Source: European Parliament
Question for written answer E-002550/2025
to the Commission
Rule 144
Arash Saeidi (The Left)
Despite the warnings made in a 2008 Commission-ordered study on the feasibility of a European Foundation Statute (ETD/2007/IM/F2/80), no harmonised framework has been put in place to prevent certain foundations being misused for tax purposes.

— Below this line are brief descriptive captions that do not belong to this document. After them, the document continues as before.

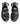 Dolce & Gabbana Black Stars Logo SORRENTO Sneakers Shoes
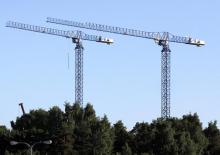 Macalare turn - deplasare cărucior pe braț - rotire în partea superioară Comansa 21LC450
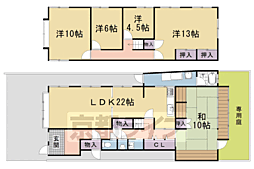 鳴滝中道町貸家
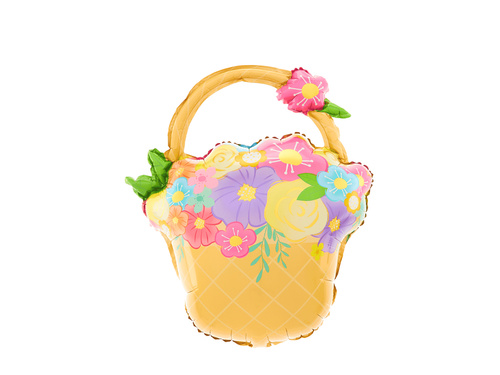 Balon din folie Coș cu flori - 53x69 cm - 1 buc.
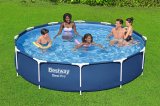 Bestway 56706 / 23 swimmingpool til over jorden Indrammet pool Rund 6473 L Bl� #8
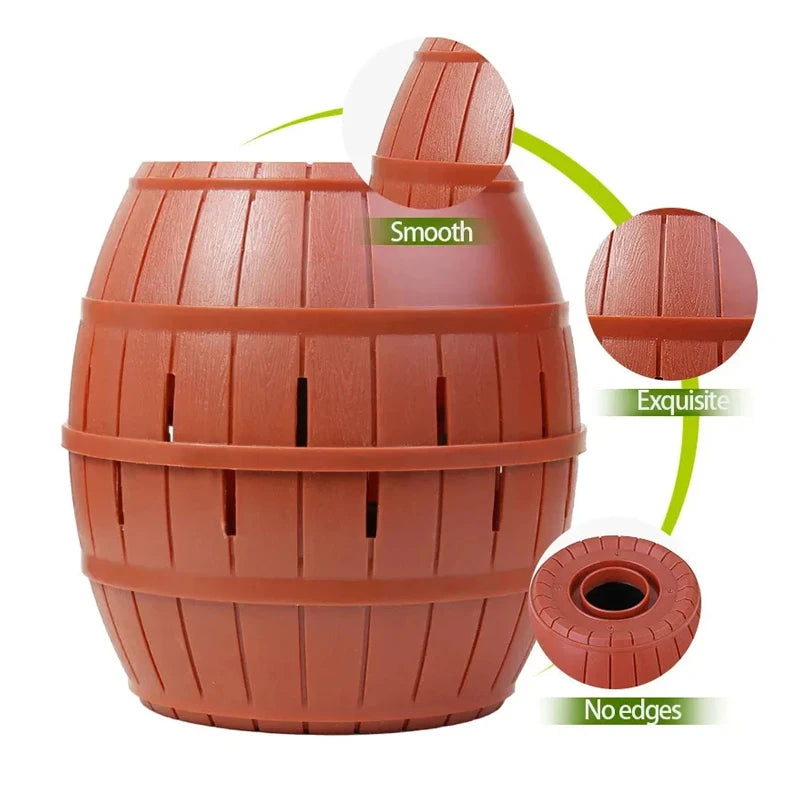 Jump Jump Game - Classic Pirate Barrel Game – Surprise & Fun for All Ages | GadWitch Toys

In several Member States, foundations can be used as a tax-exempt way to transfer assets, without there being any real scrutiny of how they serve the public interest. For example, the Netherlands had over 60 000 foundations in 2016, many of which had no clearly identifiable philanthropic mission, compared to only 660 public-benefit foundations in France in 2021. Some jurisdictions allow foundations to be set up without precise requirements for their non-profit purpose, transparency or governance, which makes tax avoidance easier.
- 1.Does the Commission have any data on, or analyses of, the use of foundations in some Member States to circumvent inheritance tax or to hold family assets without effective public scrutiny?
- 2.Does the Commission have any plans to fund an EU-wide comparative study on tax-exemption criteria and mechanisms for supervising foundations in Member States, particularly in order to assess the degree to which they are being misused?
- 3.Does the Commission consider that, without a binding EU definition of ‘public-benefit purpose’, a potential European Foundation Statute could become an instrument of harmful tax competition or a means of circumventing national laws on wealth taxation?